Proper GPU profiling with LWJGL

theagentd · May 11, 2014, 12:46am

Profiling is important when optimizing games. When using OpenGL through LWJGL, it’s important to know that the CPU and GPU work asynchronously on very different tasks, so depending on which one of them that is your bottleneck you may get very confusing results. You will not get correct values if you simply measure the time it takes to run an OpenGL command since the command is just added to the OpenGL queue until the queue is full, which is very fast. If the GPU is unable to keep up with the commands submitted, it’ll eventually block the application until the GPU has caught up and there’s room in the queue. That means that OpenGL may block on random OpenGL commands or even on Display.update(), which means that you could get a huge CPU time spike for something as simple as glBindTexture() or a similar command.

The solution is to go directly to the source and ask the GPU how long time stuff took to execute for the GPU. This is tricky to do without affecting performance negatively.
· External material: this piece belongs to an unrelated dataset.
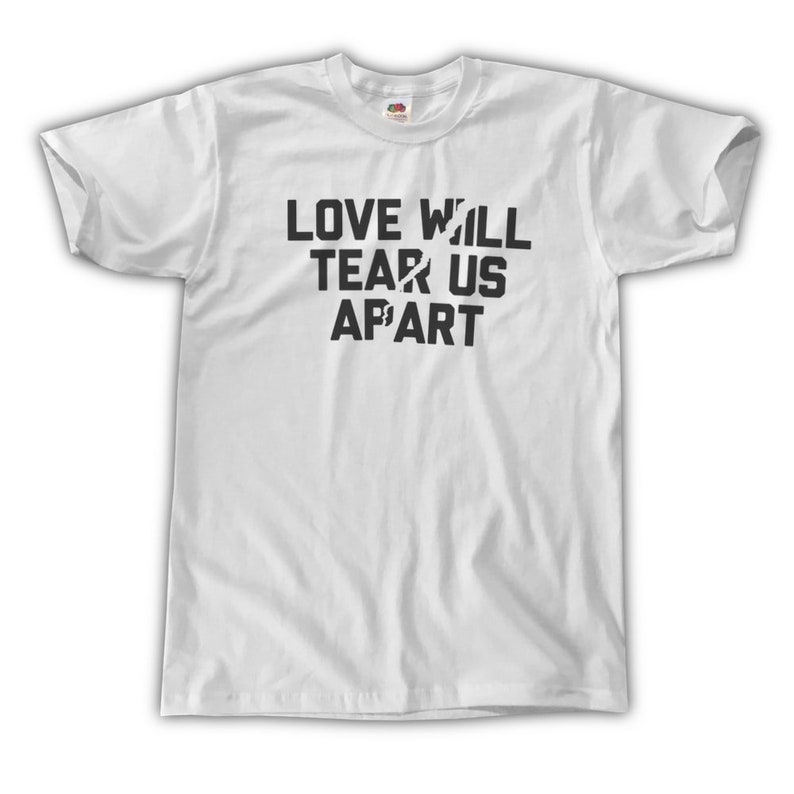 Love Will Tear Us Apart Shirt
One idea is to call an OpenGL command, then use glFinish() to force the CPU to block while the GPU executes all queued up commands, but this causes both a CPU stall and then a GPU stall since the command queue will be completely empty once glFinish() returns leading to massively reduced performance. A better solution is to use OpenGL asynchronous queries to query the time at which the GPU reaches certain points in the command queue. We then delay reading back the result until the GPU has finished the frame we’re profiling.

When profiling on the CPU we can do the following:


long startTime = System.nanoTime();

//run code to profile

long timeTaken = System.nanoTime() - startTime; //Time taken in nano seconds

We can do the same thing with GPU queries, but the asynchronous nature of queries complicates it all a bit:



int startQuery = glGenQueries();
glQueryCounter(startQuery , GL_TIMESTAMP);

//Run OpenGL commands to profile

int endQuery = glGenQueries();
glQueryCounter(endQuery, GL_TIMESTAMP);

//Make sure enough time passes so the above OpenGL commands have been processed by the GPU

if(glGetQueryObjectui(endQuery, GL_QUERY_RESULT_AVAILABLE) == GL_TRUE){ //The result is available
    
    long startTime = glGetQueryObjectui64(startQuery, GL_QUERY_RESULT);
    long endTime = glGetQueryObjectui64(endQuery, GL_QUERY_RESULT);
    long timeTaken = endTime - startTime;
}

I have developed two small static classes that can take care of GPU profiling. The use of these two classes is as follows (extra brackets added for clarity):


//No special initialization required

public void render(){
    
    GPUProfiler.startFrame();
    
    GPUProfiler.start("Render game");
    {
        GPUProfiler.start("Render tiles");
        renderTiles();
        GPUProfiler.end();

        GPUProfiler.start("Render objects");
        renderObjects();
        GPUProfiler.end();
    }
    GPUProfiler.end();

    GPUProfiler.start("Render UI");
    renderUI();
    GPUProfiler.end();

    GPUProfiler.endFrame();

    /*
    The GPUProfiler keeps track of previous frames until 
    they've been rendered by the GPU and their results are
    ready to be read back. The following line dumps the 
    timings of all completed frames to System.out.
    */

    GPUTaskProfile tp;
    while((tp = GPUProfiler.getFrameResults()) != null){
        
        tp.dump(); //Dumps the frame to System.out.
        //or use the functions of GPUTaskProfile to extract information about the frame:
        //getName(), getStartTime(), getEndTime(), getTimeTaken(), getChildren()
        //Then you can draw the result as fancy graphs or something.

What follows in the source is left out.